General characteristics
- Class & type: Doterel-class sloop
- Displacement: 1,130 tons
- Length: 170 ft (52 m) pp
- Beam: 36 ft (11 m)
- Draught: 15 ft 9 in (4.80 m)
- Installed power: 1,020 ihp (760 kW)
- Propulsion: 3 × cylindrical boilers; 2-cylinder horizontal compound-expansion steam engine; Single screw;
- Sail plan: Barque rigged
- Speed: 11 knots (20 km/h)
- Range: 1,480 nmi (2,740 km) at 10 kn (19 km/h) from 150 tons of coal
- Complement: 140–150
- Armament: 2 × 7-inch (90cwt) muzzle-loading rifles; 4 × 64-pounder muzzle-loading rifles; 4 × machine guns; 1 × light gun;

= HMS Miranda (1879) =

Sloop of the Royal Navy

HMS Miranda was a Doterel-class sloop of the Royal Navy, built at Devonport Dockyard and launched on 30 September 1879.

This class of ship was part of the transition of royal navy ships from sail to steam propulsion. A single screw was mounted in a frame that was raised when the ship was under full sail, which reduced the drag effect of the screw. It's coal burning boilers were vented through a telescopic funnel, which was lowered when the ship was under sail, so as not to interfere with the sails;
hence the royal navy order ‘up funnel, down screw’.

==Design==
The Doterel class was designed by Nathaniel Barnaby as a development of William Henry White's 1874 . The graceful clipper bow of the Ospreys was replaced by a vertical stem and the engines were more powerful. The hull was of composite construction, with wooden planks over an iron frame.

===Propulsion===
Power was provided by three cylindrical boilers, which supplied steam at 60 psi to a two-cylinder horizontal compound-expansion steam engine driving a single 13 ft 1 in screw. This arrangement produced 1020 ihp and a top speed of 11 kn.

===Armament===
Ships of the class were armed with two 7-inch (90 cwt) muzzle-loading rifled guns on pivoting mounts, and four 64-pounder muzzle-loading rifled guns (two on pivoting mounts, and two broadside).
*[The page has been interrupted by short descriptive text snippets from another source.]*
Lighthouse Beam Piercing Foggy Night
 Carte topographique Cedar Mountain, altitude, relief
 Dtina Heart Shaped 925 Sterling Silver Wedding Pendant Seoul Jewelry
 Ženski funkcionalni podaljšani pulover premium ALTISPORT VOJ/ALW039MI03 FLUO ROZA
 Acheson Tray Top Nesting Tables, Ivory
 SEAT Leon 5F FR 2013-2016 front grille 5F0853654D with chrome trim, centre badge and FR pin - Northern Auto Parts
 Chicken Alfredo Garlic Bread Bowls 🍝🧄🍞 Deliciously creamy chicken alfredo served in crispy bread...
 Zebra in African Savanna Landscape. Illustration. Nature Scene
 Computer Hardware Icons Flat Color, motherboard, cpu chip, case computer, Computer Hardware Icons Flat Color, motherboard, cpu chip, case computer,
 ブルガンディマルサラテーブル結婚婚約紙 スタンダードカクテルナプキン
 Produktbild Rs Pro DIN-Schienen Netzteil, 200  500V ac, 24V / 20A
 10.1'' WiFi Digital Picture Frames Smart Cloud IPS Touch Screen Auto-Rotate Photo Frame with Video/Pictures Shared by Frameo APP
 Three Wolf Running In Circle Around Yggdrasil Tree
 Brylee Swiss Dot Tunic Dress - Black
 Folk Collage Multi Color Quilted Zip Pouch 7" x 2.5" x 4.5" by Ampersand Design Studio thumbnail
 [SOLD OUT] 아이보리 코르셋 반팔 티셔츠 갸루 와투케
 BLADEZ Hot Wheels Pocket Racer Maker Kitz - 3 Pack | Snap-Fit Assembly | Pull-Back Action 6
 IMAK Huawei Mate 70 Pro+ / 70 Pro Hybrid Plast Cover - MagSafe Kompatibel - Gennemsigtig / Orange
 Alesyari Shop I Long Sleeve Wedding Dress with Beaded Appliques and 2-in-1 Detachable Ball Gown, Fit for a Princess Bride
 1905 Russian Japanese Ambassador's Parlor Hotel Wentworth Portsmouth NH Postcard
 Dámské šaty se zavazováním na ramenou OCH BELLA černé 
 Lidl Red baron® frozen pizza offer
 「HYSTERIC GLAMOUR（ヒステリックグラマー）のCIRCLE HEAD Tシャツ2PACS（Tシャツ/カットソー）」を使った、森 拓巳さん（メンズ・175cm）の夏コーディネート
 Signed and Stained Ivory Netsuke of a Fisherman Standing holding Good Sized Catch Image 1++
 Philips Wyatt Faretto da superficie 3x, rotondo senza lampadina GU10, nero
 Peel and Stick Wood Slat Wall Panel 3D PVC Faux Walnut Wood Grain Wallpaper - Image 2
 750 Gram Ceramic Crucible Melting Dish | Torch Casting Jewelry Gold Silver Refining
Four machine guns and one light gun completed the weaponry.

===Sail plan===
All the ships of the class were provided with a barque rig, that is, square-rigged foremast and mainmast, and fore-and-aft sails only on the mizzen mast.

===Crew===
Miranda would have had a normal complement of 140–150 men.

==Construction==
Miranda was ordered from Devonport Dockyard and laid down on 8 July 1878. She was launched on 30 September 1879 and was commissioned on 22 July 1880.

==Service==
She commenced service on the Australia Station in March 1881, under Captain R. S. Dawson In May 1883, Commander Dyke Acland received command of the ship. The Miranda visited a number of the Ellice Islands (present-day Tuvalu) in 1886. Captain Rooke was in command when Miranda visited a number of the Gilbert Islands in 1886.

She left the Australia Station in 1886 and returned to England. By 1891, because of her slow speed and obsolete armament, she had been relegated to the Medway Reserve. She was surveyed as a potential training ship in 1892, but found unfit.

==Fate==
She was sold to Reed of Portsmouth for breaking up on 24 September 1892.